◆ INSTRUCTIONS FOR THE TASK:
Retype all of the lines below with no changes.
--- SUPPLIED MATERIAL ---
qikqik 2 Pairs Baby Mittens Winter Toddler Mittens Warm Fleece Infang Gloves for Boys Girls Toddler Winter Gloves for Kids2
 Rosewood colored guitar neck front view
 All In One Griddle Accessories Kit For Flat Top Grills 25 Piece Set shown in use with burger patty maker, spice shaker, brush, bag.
---
◆ RESULT FOR THIS EXERCISE:
qikqik 2 Pairs Baby Mittens Winter Toddler Mittens Warm Fleece Infang Gloves for Boys Girls Toddler Winter Gloves for Kids2
 Rosewood colored guitar neck front view
 All In One Griddle Accessories Kit For Flat Top Grills 25 Piece Set shown in use with burger patty maker, spice shaker, brush, bag.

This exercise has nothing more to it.